Problem:
Copy the listing below in full, exactly as given.

Source material:
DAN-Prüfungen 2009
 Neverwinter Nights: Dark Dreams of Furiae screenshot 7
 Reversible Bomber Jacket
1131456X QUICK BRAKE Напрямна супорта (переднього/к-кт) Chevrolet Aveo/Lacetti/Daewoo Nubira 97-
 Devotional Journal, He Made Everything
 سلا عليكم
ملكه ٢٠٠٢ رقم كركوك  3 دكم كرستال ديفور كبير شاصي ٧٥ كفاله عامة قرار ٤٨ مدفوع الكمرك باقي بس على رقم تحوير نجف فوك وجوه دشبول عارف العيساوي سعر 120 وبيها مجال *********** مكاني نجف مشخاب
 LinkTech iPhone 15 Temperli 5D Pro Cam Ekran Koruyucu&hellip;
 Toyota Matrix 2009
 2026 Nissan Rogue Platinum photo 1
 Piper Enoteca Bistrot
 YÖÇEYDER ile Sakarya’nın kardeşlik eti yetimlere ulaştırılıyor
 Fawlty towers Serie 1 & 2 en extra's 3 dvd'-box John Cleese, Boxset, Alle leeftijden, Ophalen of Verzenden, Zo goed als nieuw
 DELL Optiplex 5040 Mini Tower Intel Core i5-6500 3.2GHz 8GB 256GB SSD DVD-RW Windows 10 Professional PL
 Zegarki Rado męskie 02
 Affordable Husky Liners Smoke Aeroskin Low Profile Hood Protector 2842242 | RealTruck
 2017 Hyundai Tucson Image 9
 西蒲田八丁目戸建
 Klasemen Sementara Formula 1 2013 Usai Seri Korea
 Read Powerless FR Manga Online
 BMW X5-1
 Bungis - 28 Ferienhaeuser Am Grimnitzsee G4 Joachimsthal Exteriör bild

Response to the exercise:
DAN-Prüfungen 2009
 Neverwinter Nights: Dark Dreams of Furiae screenshot 7
 Reversible Bomber Jacket
1131456X QUICK BRAKE Напрямна супорта (переднього/к-кт) Chevrolet Aveo/Lacetti/Daewoo Nubira 97-
 Devotional Journal, He Made Everything
 سلا عليكم
ملكه ٢٠٠٢ رقم كركوك  3 دكم كرستال ديفور كبير شاصي ٧٥ كفاله عامة قرار ٤٨ مدفوع الكمرك باقي بس على رقم تحوير نجف فوك وجوه دشبول عارف العيساوي سعر 120 وبيها مجال *********** مكاني نجف مشخاب
 LinkTech iPhone 15 Temperli 5D Pro Cam Ekran Koruyucu&hellip;
 Toyota Matrix 2009
 2026 Nissan Rogue Platinum photo 1
 Piper Enoteca Bistrot
 YÖÇEYDER ile Sakarya’nın kardeşlik eti yetimlere ulaştırılıyor
 Fawlty towers Serie 1 & 2 en extra's 3 dvd'-box John Cleese, Boxset, Alle leeftijden, Ophalen of Verzenden, Zo goed als nieuw
 DELL Optiplex 5040 Mini Tower Intel Core i5-6500 3.2GHz 8GB 256GB SSD DVD-RW Windows 10 Professional PL
 Zegarki Rado męskie 02
 Affordable Husky Liners Smoke Aeroskin Low Profile Hood Protector 2842242 | RealTruck
 2017 Hyundai Tucson Image 9
 西蒲田八丁目戸建
 Klasemen Sementara Formula 1 2013 Usai Seri Korea
 Read Powerless FR Manga Online
 BMW X5-1
 Bungis - 28 Ferienhaeuser Am Grimnitzsee G4 Joachimsthal Exteriör bild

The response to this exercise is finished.